As you can see in the HTTP headers, the request is GET and all the parameters are included in the URL. In addition to that the response is a simple XML or POX messages. However there is one limitation when we use RPCServiceClient to invoke a Service in a REST GET manner. That is, if the service class is similar to the one shown below (where the method parameters are not arg0 , arg1 etc..), then we cannot use RPCServiceClient to invoke the service in a REST GET manner.

Note : RPCServiceClient is a very convenient API built using ServiceClient to send and receive Java beans . So we can use RPCServiceClient to invoke a service without worrying about Axiom.
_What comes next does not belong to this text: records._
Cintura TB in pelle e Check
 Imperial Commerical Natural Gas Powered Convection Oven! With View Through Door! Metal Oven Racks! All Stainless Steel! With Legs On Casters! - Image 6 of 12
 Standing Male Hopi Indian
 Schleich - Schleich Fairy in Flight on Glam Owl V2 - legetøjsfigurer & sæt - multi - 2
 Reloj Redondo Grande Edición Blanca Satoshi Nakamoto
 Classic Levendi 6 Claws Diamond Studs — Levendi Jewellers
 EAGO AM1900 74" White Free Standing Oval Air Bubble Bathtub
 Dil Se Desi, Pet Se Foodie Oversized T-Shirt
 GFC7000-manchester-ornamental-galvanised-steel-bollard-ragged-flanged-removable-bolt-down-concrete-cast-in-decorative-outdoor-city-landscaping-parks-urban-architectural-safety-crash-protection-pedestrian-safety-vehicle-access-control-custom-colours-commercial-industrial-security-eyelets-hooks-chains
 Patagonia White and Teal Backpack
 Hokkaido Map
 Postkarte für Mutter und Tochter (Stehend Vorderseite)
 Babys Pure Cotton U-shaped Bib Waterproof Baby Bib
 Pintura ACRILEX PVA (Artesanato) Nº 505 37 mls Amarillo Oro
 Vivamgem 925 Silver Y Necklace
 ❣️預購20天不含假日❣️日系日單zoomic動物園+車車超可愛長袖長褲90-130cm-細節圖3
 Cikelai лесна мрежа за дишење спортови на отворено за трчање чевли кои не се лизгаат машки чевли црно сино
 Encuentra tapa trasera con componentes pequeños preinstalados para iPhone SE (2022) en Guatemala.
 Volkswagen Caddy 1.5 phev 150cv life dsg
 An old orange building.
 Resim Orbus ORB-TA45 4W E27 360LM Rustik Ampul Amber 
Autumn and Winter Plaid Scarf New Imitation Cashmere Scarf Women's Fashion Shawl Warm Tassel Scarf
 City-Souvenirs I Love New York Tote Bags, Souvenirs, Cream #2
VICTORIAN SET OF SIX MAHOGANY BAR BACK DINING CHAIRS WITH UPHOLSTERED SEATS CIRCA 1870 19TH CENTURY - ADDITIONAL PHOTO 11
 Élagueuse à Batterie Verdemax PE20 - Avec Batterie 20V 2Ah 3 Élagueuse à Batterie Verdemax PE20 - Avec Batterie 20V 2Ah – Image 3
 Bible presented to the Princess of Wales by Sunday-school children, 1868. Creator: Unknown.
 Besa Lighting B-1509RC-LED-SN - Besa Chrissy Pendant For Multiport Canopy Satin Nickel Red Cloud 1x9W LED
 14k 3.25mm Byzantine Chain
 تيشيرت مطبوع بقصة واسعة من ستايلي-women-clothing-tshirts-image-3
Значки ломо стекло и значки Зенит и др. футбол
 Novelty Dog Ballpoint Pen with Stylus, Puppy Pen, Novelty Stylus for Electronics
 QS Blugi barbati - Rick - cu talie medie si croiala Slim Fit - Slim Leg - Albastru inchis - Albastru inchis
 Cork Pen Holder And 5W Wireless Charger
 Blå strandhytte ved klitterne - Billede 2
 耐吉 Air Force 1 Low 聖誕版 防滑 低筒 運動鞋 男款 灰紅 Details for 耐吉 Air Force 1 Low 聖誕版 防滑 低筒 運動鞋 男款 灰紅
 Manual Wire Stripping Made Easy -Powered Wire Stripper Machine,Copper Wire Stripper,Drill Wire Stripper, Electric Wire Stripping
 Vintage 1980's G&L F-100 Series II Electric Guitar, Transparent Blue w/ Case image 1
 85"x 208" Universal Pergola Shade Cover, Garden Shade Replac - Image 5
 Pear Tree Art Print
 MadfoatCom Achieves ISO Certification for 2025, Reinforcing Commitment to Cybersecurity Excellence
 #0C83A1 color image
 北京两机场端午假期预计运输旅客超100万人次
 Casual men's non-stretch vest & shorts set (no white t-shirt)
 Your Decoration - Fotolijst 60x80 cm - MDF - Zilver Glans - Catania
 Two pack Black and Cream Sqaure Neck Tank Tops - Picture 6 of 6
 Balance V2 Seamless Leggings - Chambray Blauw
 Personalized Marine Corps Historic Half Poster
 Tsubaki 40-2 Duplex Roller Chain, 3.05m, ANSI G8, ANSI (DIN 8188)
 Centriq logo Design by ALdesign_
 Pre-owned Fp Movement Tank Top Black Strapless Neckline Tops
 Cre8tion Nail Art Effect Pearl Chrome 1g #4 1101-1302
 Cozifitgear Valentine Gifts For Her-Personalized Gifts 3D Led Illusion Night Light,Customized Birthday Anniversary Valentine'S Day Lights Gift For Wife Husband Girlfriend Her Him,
 public class Calculator {
public int add(int a , int b){
return a + b;
}
}

If you have a service like the above, you can use ServiceClient to invoke the service if you don't want to generate  client code. In this particular case, you can write the service client as follows,

 public static void main(String[] args) throws AxisFault {
ServiceClient client = new ServiceClient();
Options opts = new Options();
opts.setTo(new EndpointReference("http://localhost:6070/axis2/services/Calculator/add"));
opts.setAction("urn:add");
opts.setProperty(Constants.Configuration.ENABLE_REST, Boolean.TRUE);
opts.setProperty(Constants.Configuration.HTTP_METHOD, Constants.Configuration.HTTP_METHOD_GET);
client.setOptions(opts);
OMFactory fac = OMAbstractFactory.getOMFactory();
OMNamespace omNs = fac.createOMNamespace("http://ws.apache.org/axis2", "ns");
OMElement method = fac.createOMElement("add", omNs);
OMElement value = fac.createOMElement("a", omNs);
method.addChild(value);
value.setText("10");
OMElement value2 = fac.createOMElement("b", omNs);
method.addChild(value2);
value2.setText("10");
OMElement res = client.sendReceive(method);
System.out.println(res);
}

Summary

In this tutorial we discussed how to expose a simple Java class as a Web service. And then we demonstrated invoking that via ServiceClient, RPCServiceClient as well as using the browser. You can easily extend this sample and implement a somewhat complex REST service.

Author

Deepal Jayasinghe, Tech Lead, WSO2 Inc. deepal at wso2 dot com

About Author

  • Deepal Jayasingha
  • WSO2 Inc.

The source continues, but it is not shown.